Comparison of three different lactic acid bacteria-fermented proteins on RAW 264.7 osteoclast and MC3T3-E1 osteoblast differentiation

• Published in: Scientific reports Vol. 13; no. 1; p. 21575
• Main Authors: Kim, Jae-Young, Song, Hyun Ji, Cheon, Sejin, An, Seokyoung, Lee, Chul Sang, Kim, Sae Hun
• Format: Journal Article
• Language: English
• Published: London Nature Publishing Group UK 07.12.2023; Nature Publishing Group; Nature Portfolio
• Subjects: 631/326; 631/61; Bacteria; Bone loss; Cell Differentiation; Dietary supplements; Fermentation; Gene expression; Humanities and Social Sciences; Lactic acid bacteria; Lactobacillales - metabolism; multidisciplinary; Osteoblastogenesis; Osteoblasts; Osteoblasts - metabolism; Osteoclastogenesis; Osteoclasts; Osteoclasts - metabolism; Osteogenesis; Osteoporosis; Proteins; RANK Ligand - metabolism; Science; Science (multidisciplinary); Whey protein
• ISSN: 2045-2322; 2045-2322
• DOI: 10.1038/s41598-023-49024-1

Osteoporosis is a state of bone weakening caused by an imbalance in osteoblast and osteoclast activity. In this study, the anti-osteoporotic effects of three proteins fermented by lactic acid bacteria (LAB) were assessed. Commercial proteins sodium caseinate (SC), whey protein isolate (WPI), and soy protein isolate (SPI) were fermented by LAB strains for 48 h. The fermented products (F-SC, F-WPI, and F-SPI, respectively) were used in an in vitro osteoclast and osteoblast-like cell model to assess their effects on bone health. Despite no difference in the results of TRAP staining of RANKL-induced osteoclastogenesis, F-WPI and F-SPI were effective in normalizing the altered gene expression of osteoclastogenesis markers such as TRAP, Nfatc1, RANK, and ATP6v0d.

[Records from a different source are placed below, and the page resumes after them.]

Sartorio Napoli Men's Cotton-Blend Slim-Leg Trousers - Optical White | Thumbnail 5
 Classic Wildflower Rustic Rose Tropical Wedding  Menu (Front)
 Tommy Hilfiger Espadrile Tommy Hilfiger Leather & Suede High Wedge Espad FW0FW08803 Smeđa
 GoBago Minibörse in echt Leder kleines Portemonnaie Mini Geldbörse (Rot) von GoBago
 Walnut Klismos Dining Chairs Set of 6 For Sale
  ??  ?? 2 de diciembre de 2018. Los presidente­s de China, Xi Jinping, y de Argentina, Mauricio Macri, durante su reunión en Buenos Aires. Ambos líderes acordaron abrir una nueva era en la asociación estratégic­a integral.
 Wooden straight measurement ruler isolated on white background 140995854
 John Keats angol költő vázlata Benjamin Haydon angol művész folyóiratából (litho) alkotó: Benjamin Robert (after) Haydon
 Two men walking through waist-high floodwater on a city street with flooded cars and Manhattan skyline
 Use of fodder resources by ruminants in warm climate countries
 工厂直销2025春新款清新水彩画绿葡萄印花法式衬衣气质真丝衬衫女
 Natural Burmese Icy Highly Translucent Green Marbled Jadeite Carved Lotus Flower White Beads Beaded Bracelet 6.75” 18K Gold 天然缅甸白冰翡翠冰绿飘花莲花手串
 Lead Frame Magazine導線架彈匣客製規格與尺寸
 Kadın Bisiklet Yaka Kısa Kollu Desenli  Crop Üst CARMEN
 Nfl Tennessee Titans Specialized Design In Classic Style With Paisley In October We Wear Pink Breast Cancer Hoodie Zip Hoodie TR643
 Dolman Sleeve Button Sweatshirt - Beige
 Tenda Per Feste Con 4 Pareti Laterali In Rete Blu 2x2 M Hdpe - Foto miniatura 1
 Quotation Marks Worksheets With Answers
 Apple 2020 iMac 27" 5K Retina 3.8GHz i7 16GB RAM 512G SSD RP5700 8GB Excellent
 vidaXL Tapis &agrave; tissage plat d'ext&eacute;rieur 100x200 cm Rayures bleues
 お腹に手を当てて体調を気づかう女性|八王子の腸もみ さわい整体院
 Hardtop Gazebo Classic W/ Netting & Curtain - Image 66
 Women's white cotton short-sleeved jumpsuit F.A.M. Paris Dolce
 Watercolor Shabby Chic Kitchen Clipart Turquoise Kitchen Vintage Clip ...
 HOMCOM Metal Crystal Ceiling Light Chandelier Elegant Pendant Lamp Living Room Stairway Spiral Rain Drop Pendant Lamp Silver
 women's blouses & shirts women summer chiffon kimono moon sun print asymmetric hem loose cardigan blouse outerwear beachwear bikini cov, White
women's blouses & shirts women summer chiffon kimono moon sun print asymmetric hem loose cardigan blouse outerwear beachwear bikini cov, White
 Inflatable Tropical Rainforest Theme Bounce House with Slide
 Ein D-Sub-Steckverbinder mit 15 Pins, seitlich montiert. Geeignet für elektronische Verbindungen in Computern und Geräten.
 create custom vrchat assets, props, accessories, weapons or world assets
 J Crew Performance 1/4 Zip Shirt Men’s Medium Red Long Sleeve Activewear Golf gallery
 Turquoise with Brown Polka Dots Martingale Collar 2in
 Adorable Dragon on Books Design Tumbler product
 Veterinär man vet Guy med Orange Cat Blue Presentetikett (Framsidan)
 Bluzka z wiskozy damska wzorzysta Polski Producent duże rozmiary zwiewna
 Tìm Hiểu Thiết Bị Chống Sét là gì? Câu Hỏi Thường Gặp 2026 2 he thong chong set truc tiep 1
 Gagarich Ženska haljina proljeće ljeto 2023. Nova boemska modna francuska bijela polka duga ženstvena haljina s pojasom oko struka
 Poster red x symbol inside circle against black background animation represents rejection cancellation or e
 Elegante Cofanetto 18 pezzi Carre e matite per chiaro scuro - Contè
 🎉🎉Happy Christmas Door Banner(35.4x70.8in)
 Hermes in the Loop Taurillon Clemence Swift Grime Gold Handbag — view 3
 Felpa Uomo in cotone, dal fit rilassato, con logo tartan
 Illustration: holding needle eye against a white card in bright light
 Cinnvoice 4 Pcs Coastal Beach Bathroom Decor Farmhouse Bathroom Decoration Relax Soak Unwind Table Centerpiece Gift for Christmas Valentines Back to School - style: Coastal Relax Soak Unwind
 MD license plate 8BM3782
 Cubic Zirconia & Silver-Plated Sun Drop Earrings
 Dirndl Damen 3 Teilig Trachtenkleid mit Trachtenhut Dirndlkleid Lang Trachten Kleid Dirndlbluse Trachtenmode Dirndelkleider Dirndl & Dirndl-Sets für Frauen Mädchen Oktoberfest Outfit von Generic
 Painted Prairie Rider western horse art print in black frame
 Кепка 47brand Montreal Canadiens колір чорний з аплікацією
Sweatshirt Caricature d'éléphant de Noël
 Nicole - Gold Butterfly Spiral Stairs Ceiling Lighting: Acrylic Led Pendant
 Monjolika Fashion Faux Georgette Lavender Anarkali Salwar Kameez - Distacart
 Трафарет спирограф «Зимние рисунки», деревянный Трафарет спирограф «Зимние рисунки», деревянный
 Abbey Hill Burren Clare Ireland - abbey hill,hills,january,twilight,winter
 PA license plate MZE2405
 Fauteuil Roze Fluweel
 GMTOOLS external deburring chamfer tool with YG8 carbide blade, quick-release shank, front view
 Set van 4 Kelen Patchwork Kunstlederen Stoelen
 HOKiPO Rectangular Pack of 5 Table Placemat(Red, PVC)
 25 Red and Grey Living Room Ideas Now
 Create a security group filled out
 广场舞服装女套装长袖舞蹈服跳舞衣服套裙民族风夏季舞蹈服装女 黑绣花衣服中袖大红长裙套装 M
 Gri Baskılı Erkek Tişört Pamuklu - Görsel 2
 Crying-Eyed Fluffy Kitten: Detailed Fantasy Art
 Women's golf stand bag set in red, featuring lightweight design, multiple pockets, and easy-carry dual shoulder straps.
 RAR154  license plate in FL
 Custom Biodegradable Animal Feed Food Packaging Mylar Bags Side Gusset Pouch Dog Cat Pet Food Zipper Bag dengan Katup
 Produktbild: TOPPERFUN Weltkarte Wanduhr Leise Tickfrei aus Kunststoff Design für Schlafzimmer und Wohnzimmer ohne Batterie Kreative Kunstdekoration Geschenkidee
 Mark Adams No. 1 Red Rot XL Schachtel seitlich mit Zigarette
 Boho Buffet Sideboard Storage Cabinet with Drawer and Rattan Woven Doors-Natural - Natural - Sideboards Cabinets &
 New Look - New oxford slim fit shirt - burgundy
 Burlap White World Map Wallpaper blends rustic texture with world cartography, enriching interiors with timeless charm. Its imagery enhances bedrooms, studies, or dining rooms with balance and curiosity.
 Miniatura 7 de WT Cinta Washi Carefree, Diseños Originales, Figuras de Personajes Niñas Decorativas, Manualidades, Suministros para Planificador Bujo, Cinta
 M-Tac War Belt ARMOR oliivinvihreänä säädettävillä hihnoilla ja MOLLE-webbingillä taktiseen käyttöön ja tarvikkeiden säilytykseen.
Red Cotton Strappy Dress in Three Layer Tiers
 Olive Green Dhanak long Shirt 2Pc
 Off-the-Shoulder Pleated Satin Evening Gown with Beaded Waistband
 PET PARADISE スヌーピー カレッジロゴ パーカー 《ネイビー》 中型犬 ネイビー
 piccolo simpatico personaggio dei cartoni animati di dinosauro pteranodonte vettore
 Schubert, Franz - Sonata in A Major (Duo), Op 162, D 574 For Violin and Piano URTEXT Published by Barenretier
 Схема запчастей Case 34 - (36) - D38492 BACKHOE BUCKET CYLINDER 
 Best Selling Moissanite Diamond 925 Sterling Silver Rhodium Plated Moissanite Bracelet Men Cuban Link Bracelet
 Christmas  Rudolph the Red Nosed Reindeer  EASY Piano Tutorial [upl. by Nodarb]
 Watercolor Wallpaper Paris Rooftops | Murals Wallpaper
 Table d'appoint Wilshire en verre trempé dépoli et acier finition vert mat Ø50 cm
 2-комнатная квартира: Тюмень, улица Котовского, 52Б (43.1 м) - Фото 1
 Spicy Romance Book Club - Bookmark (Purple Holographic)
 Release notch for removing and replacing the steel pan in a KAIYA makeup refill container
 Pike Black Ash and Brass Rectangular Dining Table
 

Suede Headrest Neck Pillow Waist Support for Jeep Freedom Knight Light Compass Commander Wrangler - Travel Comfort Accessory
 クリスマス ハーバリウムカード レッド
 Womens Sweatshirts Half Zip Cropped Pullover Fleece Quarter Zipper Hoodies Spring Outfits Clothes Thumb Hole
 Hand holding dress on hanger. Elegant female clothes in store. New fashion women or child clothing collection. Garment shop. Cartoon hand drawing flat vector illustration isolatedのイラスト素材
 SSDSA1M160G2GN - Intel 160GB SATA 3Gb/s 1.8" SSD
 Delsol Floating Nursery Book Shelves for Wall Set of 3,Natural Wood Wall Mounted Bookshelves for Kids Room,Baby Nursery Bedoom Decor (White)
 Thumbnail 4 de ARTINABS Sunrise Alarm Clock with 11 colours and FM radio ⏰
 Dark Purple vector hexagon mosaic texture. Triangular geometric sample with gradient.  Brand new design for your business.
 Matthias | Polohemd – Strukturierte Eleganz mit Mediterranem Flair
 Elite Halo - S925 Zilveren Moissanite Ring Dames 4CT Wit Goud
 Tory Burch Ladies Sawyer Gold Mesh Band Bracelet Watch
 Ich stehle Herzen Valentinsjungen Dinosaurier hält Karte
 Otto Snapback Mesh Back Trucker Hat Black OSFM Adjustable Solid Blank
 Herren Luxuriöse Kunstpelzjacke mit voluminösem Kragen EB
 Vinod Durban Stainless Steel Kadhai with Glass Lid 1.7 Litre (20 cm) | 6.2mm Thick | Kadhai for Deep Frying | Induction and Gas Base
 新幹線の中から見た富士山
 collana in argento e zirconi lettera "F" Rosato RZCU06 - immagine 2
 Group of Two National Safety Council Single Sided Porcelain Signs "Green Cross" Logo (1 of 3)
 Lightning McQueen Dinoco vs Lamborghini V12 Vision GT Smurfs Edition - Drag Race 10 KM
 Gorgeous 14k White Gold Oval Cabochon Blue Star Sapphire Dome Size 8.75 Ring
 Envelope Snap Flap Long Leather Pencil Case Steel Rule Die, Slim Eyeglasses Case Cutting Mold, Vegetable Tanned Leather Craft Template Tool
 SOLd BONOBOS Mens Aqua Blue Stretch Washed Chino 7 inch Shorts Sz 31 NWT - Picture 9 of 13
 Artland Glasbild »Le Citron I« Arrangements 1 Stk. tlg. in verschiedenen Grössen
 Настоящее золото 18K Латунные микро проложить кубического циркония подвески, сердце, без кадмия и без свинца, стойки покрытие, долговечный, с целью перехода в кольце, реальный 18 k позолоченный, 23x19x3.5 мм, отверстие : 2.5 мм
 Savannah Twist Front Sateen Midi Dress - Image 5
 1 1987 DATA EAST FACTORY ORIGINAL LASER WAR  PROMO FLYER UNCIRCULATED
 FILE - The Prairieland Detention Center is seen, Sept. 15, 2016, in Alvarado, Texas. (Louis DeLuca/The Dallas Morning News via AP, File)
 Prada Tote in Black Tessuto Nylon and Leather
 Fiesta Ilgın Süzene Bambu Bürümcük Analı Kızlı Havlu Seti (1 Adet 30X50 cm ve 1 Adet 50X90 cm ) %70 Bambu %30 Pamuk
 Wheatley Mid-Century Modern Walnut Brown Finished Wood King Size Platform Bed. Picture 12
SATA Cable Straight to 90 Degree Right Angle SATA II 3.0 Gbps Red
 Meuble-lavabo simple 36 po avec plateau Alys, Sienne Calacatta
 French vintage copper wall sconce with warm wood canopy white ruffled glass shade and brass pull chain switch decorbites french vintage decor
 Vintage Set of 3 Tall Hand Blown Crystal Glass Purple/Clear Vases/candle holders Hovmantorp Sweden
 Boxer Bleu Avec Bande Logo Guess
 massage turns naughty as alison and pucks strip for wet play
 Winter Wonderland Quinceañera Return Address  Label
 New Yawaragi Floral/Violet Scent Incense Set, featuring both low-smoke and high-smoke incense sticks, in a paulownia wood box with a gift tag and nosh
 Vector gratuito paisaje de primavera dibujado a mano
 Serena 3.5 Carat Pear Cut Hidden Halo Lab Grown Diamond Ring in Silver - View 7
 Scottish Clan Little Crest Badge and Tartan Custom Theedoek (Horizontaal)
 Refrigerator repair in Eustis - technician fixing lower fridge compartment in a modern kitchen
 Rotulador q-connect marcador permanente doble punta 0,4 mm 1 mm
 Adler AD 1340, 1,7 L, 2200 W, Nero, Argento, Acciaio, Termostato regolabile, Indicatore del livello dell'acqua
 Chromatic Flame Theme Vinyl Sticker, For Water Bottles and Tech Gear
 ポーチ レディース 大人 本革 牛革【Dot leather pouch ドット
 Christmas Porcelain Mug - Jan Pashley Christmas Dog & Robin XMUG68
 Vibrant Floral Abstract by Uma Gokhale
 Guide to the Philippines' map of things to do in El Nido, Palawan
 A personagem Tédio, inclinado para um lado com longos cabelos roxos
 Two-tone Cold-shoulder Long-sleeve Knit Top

F-SPI was also effective in modulating osteoblasts by enhancing the expression of the osteoblastogenesis markers T1Col, Col2a, and OSX to levels higher than those in the SPI group, indicating that protein characteristics could be enhanced through bacterial fermentation. Moreover, these boosted effects of F-SPI may be involved with isoflavone-related metabolism during LAB-fermentation of SPI. These results demonstrate the potential of LAB-fermented proteins as dietary supplements to prevent bone loss. However, further understanding of its effects on balancing osteoblasts and osteoclasts and the underlying mechanisms is needed.